10年愛してくれた君へ



「ただいまー」


玄関に入ると途端に待ってましたと言わんばかりにリビングのドアが勢いよく開き、お母さんが駆け寄ってきた。


「ちょうどよかったわ!あんたこれ、春人くんに届けてきてくれない?」


そう言って渡されたのは、紺で無地の大きめのパーカーだった。


「これ、春兄の?」


「多分この前うちに来てくれた時に忘れていったのよ。お母さん気づかなくて一緒に洗濯しちゃってたみたいで、見覚えなかったしこのサイズだから、お父さんのじゃないでしょ?」


確かにお父さんは背も低いし細身だ。最近暖かいから、パーカー着忘れても気づかなかったんだ。


「わかった、届けてくるよ」


お母さんから受け取ったパーカーをカバンにしまい、そのまま再び家を出た。



春兄の家はここから歩いて5分くらいのところにある。簡単に行き来できる距離だ。






見えてきた、春兄の一軒家。
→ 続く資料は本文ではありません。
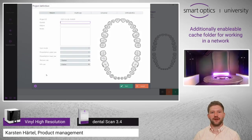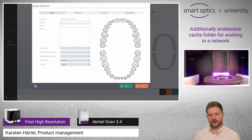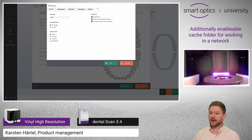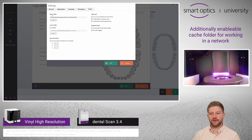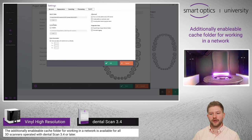This video is about the additionally activatable cache directory. Therefore I enter the settings, I choose export and now you see you have a work folder and a cache folder.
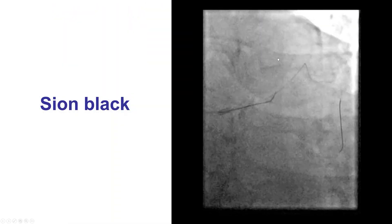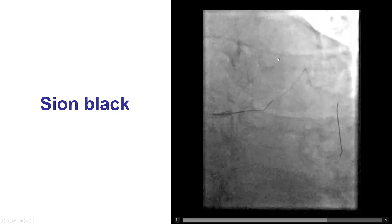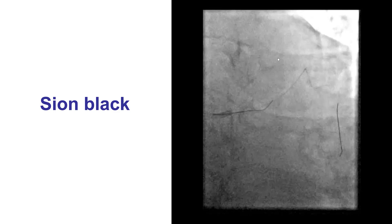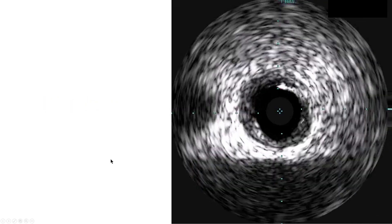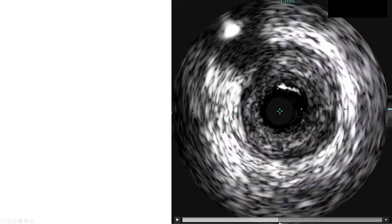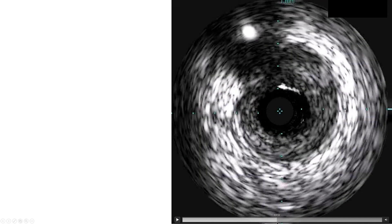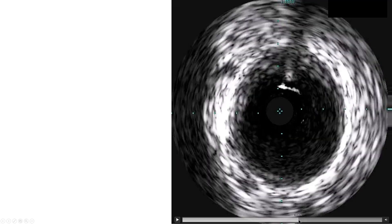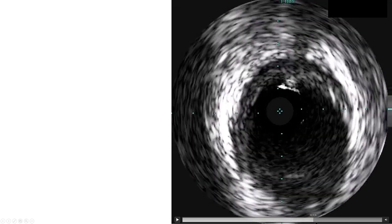Once we localized the origin of the vessel, we were able to advance a guide wire that seemed to course in the anticipated location of the vessel. However, to confirm 100%, we did intravascular ultrasound again. IVUS demonstrates that indeed the wire we used, the Sion Black, is within this vessel that has been occluded. So IVUS here was used both to identify the origin of the vessel, but also to confirm that the wire we placed actually went into that vessel.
チャイムを押すと扉が開く。出てきたのは春兄だった。



「あれ?藍どした?」


「春兄、スーツなんだね」


春兄はスーツの上着を脱いだ状態で、ネクタイを緩めながら扉を開いたみたいで、普段あまり見ないスーツ姿に加え、ネクタイを緩める姿という何とも乙女心をくすぐるシチュエーションに少しキュンとした。


春兄は何でも様になる、自慢の幼なじみだ。